Vor diesem Hintergrund wird dann verständlicher, warum die deutsche Verteidigungsministerin Annegret Kramp-Karrenbauer in ihrer Rede zur Entgegennahme des Medienpreises der Steuben-Schurz-Gesellschaft am Freitagabend ganz gezielt einen Schwerpunkt bei der Nuklearen Teilhabe setzte:

Deutschland sollte sich sehr entschlossen zur Fortsetzung seiner nuklearen Teilhabe innerhalb der NATO bekennen und die Mittel dafür bewilligen.
Ich habe dazu im April einen Vorschlag für die Tornado-Nachfolge vorgelegt.
Nukleare Teilhabe ist kein Selbstzweck, sie hat ein politisches Ziel.
Solange es Staaten mit Atomwaffen gibt, die unsere Wertegemeinschaft aktiv herausfordern, brauchen wir eine starke Verhandlungsposition. Die Nukleare Teilhabe dient diesem Zweck, heute wie damals.
Die Bedrohung, der wir ausgesetzt sind, wird in Deutschland leider nicht ausreichend wahrgenommen: Russland hat nur einige hundert Kilometer vor unseren Grenzen Marschflugkörper und moderne Raketen stationiert, die ohne große Vorwarnzeit Deutschland erreichen können. Das geschah gegen geltende Rüstungskontrollverträge und im Geheimen. Das nukleare Bedrohungspotential Russlands hat sich drastisch erhöht!
Selbstverständlich wissen wir nur zu gut darum, dass es bei Europas Sicherheit nicht nur um nukleare Bedrohungen geht. Wir verlieren die konventionellen Gefährdungen nicht aus dem Auge und wir stellen uns so auf, dass wir ihnen effektiv begegnen können.
Aber ich betone die nukleare Teilhabe hier besonders, weil sie so zentral und symbolträchtig ist, weil sie bei uns manchmal in den Bereich des Unaussprechlichen abzugleiten droht. Und auch, weil wir uns bei diesem Thema als Deutsche einen besonderen Ruck geben müssen.
Lassen Sie mich daher sehr deutlich sein: es geht bei der nuklearen Teilhabe um Abschreckung und Mitsprache, Glaubwürdigkeit und Verantwortung im Bündnis, auch um ein Signal unserer Bereitschaft zu Bündnisverteidigung und Lastenteilung.
Dabei ist es ja vor allem der politische Wert der nuklearen Teilhabe, der von so großer Bedeutung ist. Wir zeigen damit, dass wir den Ernst der strategischen Lage erkannt haben und bereit sind, das Richtige zu tun.
Ich habe mich in den vergangenen Monaten intensiv dafür eingesetzt, und ich kann Ihnen sagen, dass das weiß Gott nicht populär ist. Aber es muss sein. Setzen wir hier als Amerikas Kernverbündeter so schnell es geht ein deutliches Zeichen.

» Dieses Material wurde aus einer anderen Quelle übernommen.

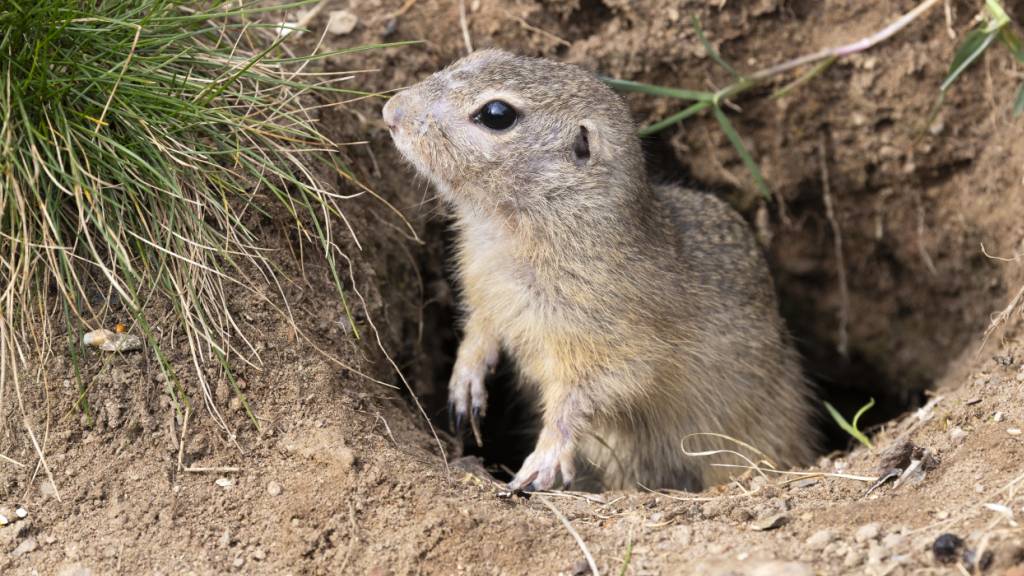 Ziesel-Nachwuchs wagt sich im Zoo Zürich ans Tageslicht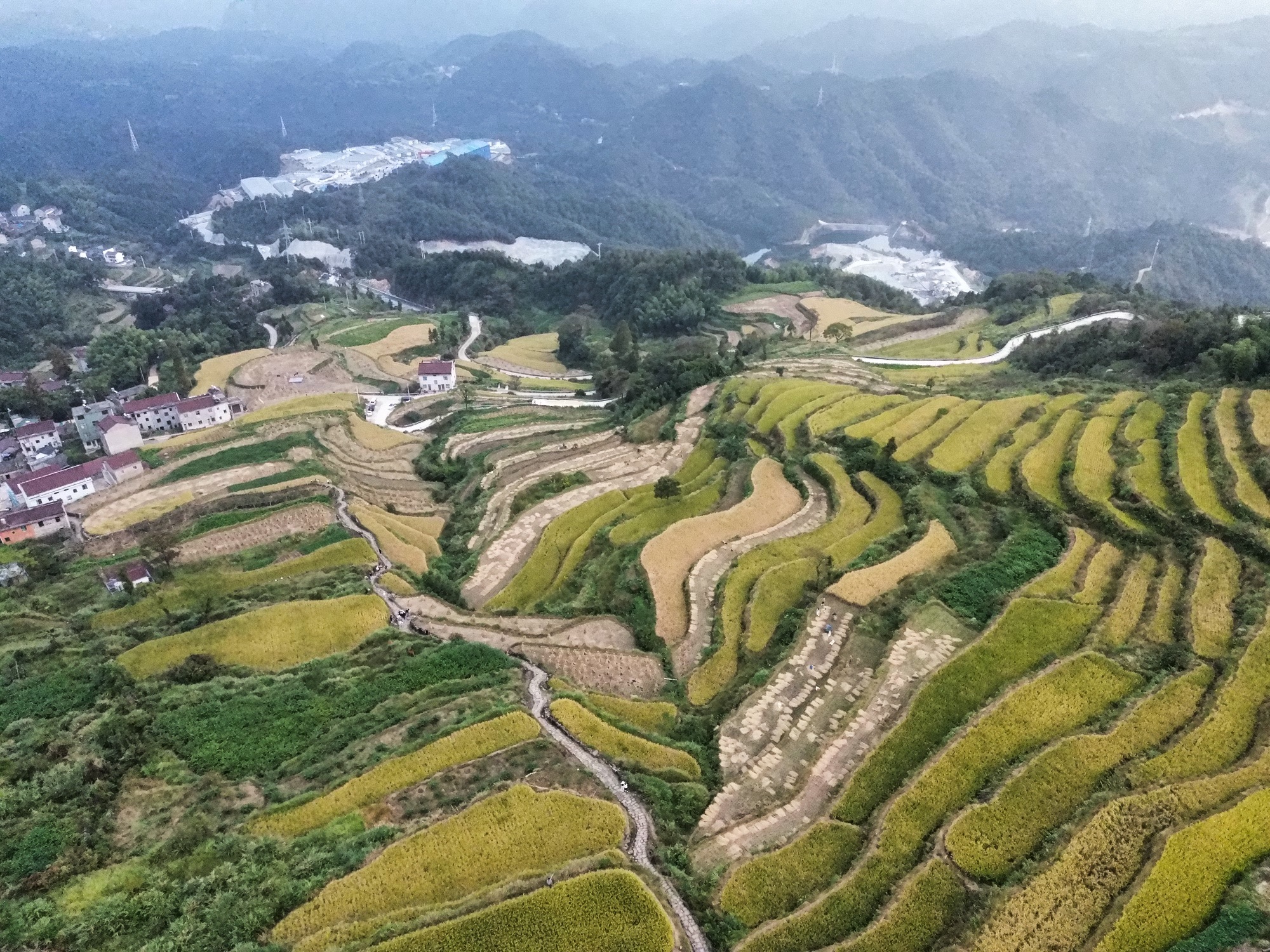 鎏金梯田旅行图片 1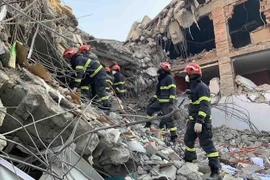 Terremoto en Turquía: Todavía no hay información sobre víctimas vietnamitas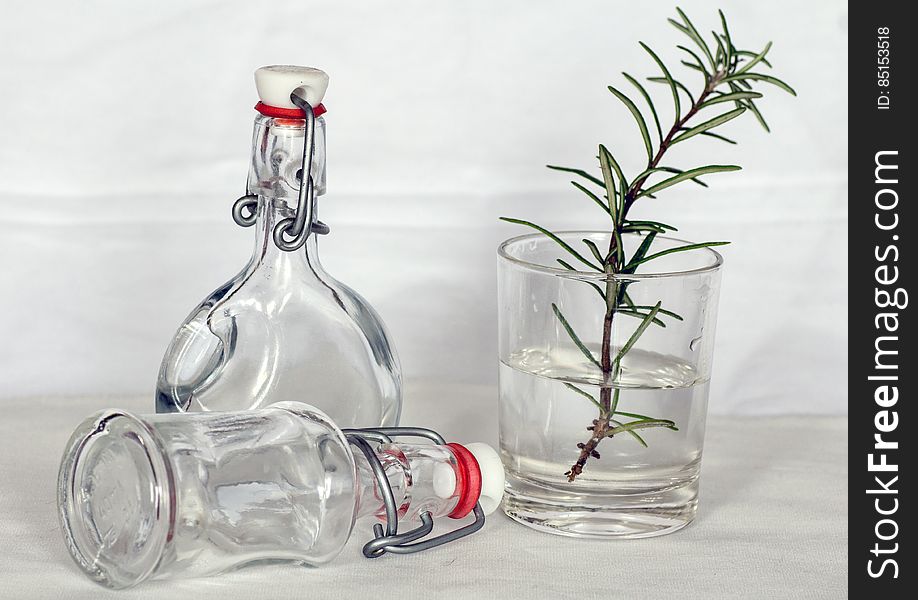 Green Leaf Plant on a Drinking Glass and Bottles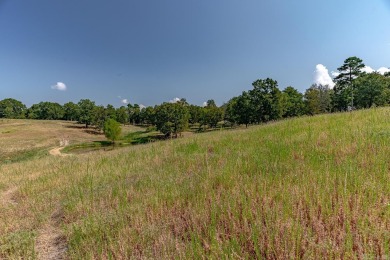 Welcome to Market 36.26 +/- acres on County Road 66 in Calico - photo 24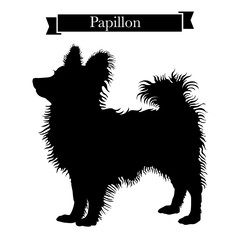 Dog breeds - Purebred papillon or continental toy spaniel dog. Vector Illustration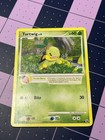 Turtwig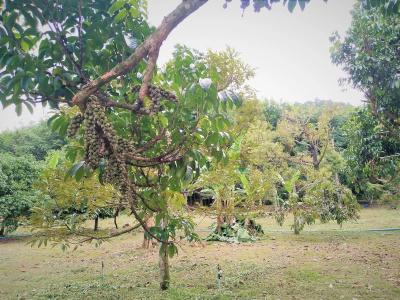Somphoch Garden - 3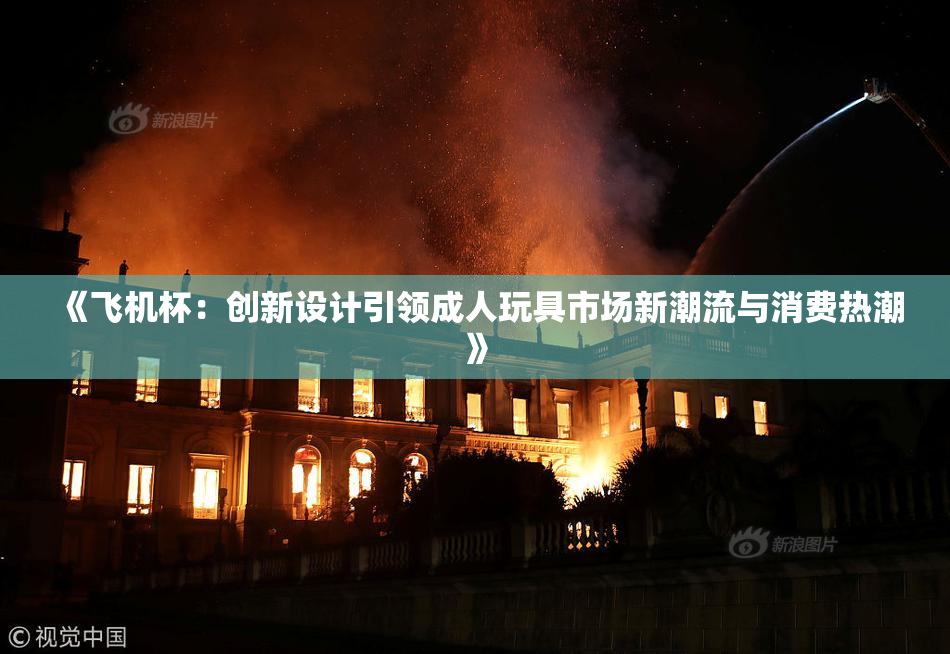 《飞机杯：创新设计引领成人玩具市场新潮流与消费热潮》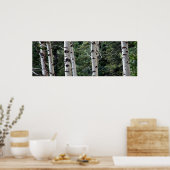 Quaking Aspen, Grand Teton National Park Poster (Keuken)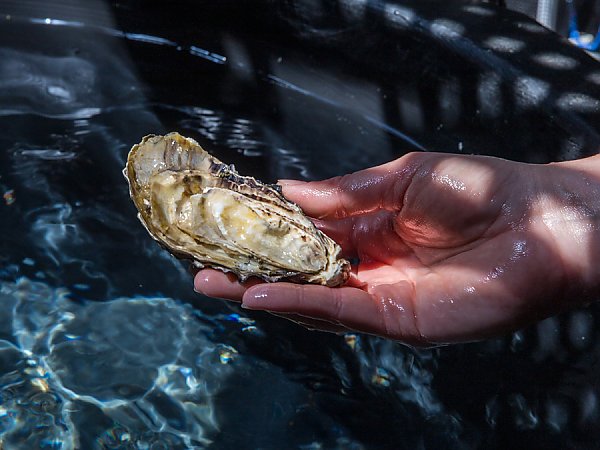 Hand holding a large oyster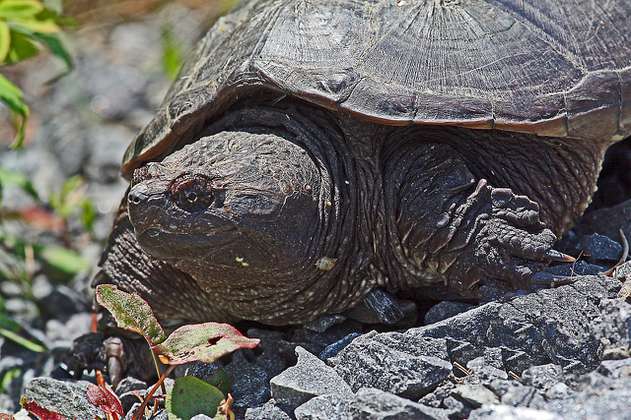 En video: una tortuga mordedora derribó a una serpiente de agua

Alle diese Positionen sind, wie gesagt, nicht unbedingt neu und auch nicht besonders überraschend. Dass sie jetzt so vehement öffentlich vorgebracht werden, das scheint eine neue Entwicklung.

(Foto 16. Oktober: NATO Secretary General Jens Stoltenberg attends NATO’s annual nuclear exercise at Volkel airbase in the Netherlands alongside Dutch Defence Minister Ank Bijleveld – Medienzentrum der NL Streitkräfte via NATO)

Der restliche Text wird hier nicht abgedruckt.